You would therefore assume that governments eagerly marketing themselves as “the greenest government ever” and the like would welcome proposals that increase their possibilities to use fuel taxation as a climate policy tool, which is exactly the purpose of the revision of the Energy Tax directive, put forward by the Commission in April this year.
The key problem the Energy Tax Directive tries to address is that smaller member states can raise additional revenue by lowering their diesel taxes, because that makes it more attractive for lorries to fill up at their stations. This is politically almost irresistible but fatal for the environment and state budgets at the same time. It means that countries that try to use fuel taxes to cut CO2 emissions get stripped of tax revenues, that instead will fill the coffers of the low-tax countries. In Luxembourg, with western Europe´s lowest diesel tax (€0.32/litre), the extra diesel tax revenues represent €1,400 per person per year, or 4-5 per cent of the state budget. Slovenia is another example of a small country that has started to use this tactic.

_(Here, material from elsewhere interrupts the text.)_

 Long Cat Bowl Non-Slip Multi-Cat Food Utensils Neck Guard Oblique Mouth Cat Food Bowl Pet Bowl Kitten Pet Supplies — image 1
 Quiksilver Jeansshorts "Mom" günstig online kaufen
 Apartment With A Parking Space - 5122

The Commission proposal requires the member states to split their fuel taxes in one part related to CO2-emissions and one part to energy content, and by 2023 tax petrol and diesel alike (“technical neutrality”). This change requires countries with low diesel taxes to increase them, which benefits member states with higher diesel taxes, like the UK (diesel tax: €0.68/litre) and Germany (€0.47/litre).
As almost all Germany’s neighbours have lower diesel taxes Germany would be the biggest winner from such a reform. But instead of acting in its national interest, the German government has allowed itself to be fooled by misguided lobbying from its car industry, which argues that higher diesel taxes would ruin the market for German-produced diesel cars. But, as we have convincingly shown, the market share for diesel cars surprisingly does not really depend on the diesel fuel subsidy. In the UK, the tax per litre is equal for petrol and diesel, while in the Netherlands the petrol tax is 70 per cent higher. If German industry was right, the UK would be flooded with petrol cars and the Netherlands by diesel ones. Reality is the other way round: half of the UK’s car sales are diesel against only a quarter in the Netherlands, illustrating that this split is governed by other factors such as sales, registration and company car taxes.

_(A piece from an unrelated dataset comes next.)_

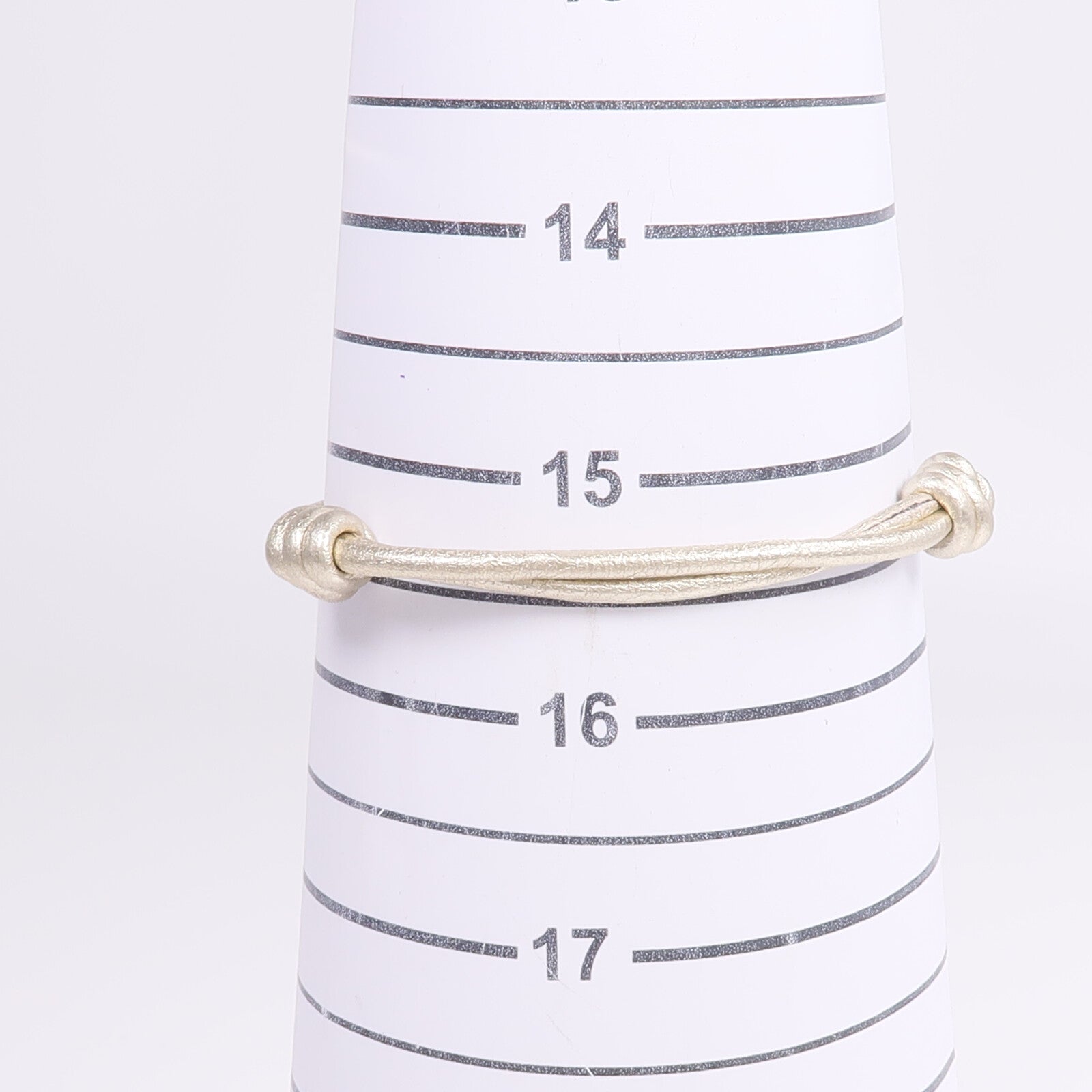PRADA 金屬/Nappa皮革Bracelet手帶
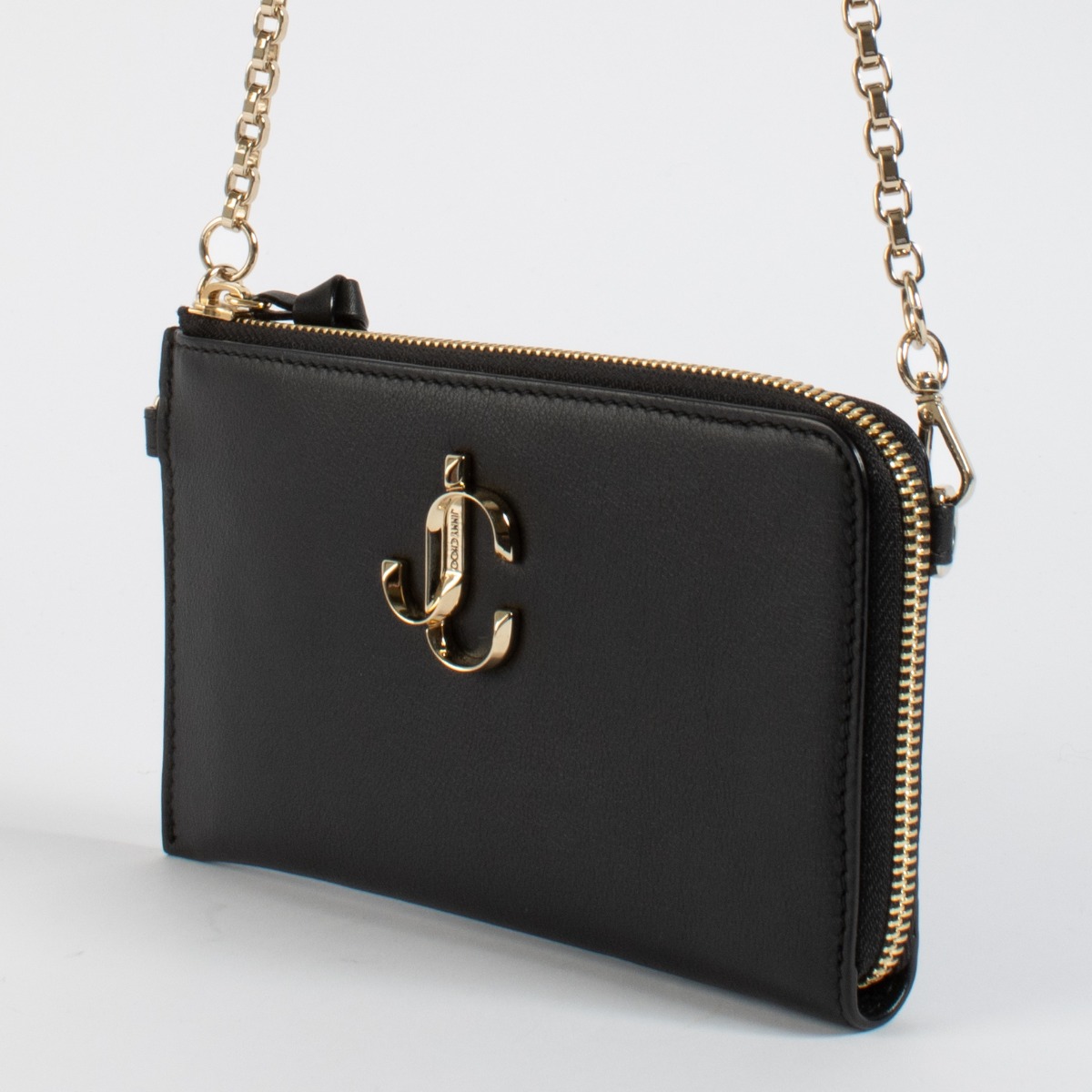 JIMMY CHOO★JC TOP ショルダー ☆ JIMMY CHOO☆ JC Top handle S OSPA【完売前に!】 (Jimmy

The British resistance seems almost entirely ideological. With the EU’s highest diesel tax the UK is losing billions on lorries filling their tanks on the mainland before crossing the Channel. Instead of using this unique opportunity to strengthen both state budget and climate policy, and actually also its real fiscal sovereignty, the British coalition government is acting against its own interest by being against the Commission’s proposal.
The misguided thinking by the German and British governments has been a pretext for the Polish presidency to try and use this energy tax directive to undermine the EU’s entire climate policy. Fortunately, a Polish attempt at last month’s meeting of economics and finance ministers to kill the Commission’s proposal failed since there wasn’t enough agreement. There are hopes that the incoming Danish presidency will be able to put it back on track again, but for that to succeed it will need at least the German government to come to its senses.

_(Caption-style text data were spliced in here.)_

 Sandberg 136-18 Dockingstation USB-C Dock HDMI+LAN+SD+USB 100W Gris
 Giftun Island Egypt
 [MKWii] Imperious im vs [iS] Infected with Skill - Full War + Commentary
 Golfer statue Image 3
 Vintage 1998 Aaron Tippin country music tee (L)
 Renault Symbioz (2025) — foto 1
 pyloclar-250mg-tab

Germany has every interest in enabling European governments to raise revenue in a smarter way than raising labour taxes or cutting pensions. Portugal for example would benefit enormously if low-tax Spain raised its diesel tax; it would enable Portugal to raise its tax without the fear that its lorries would all cross the border to fill-up, handing the revenues to Spain.
European action for efficient fuel taxation is in the interests of Germany, Europe and, last but not least, the planet.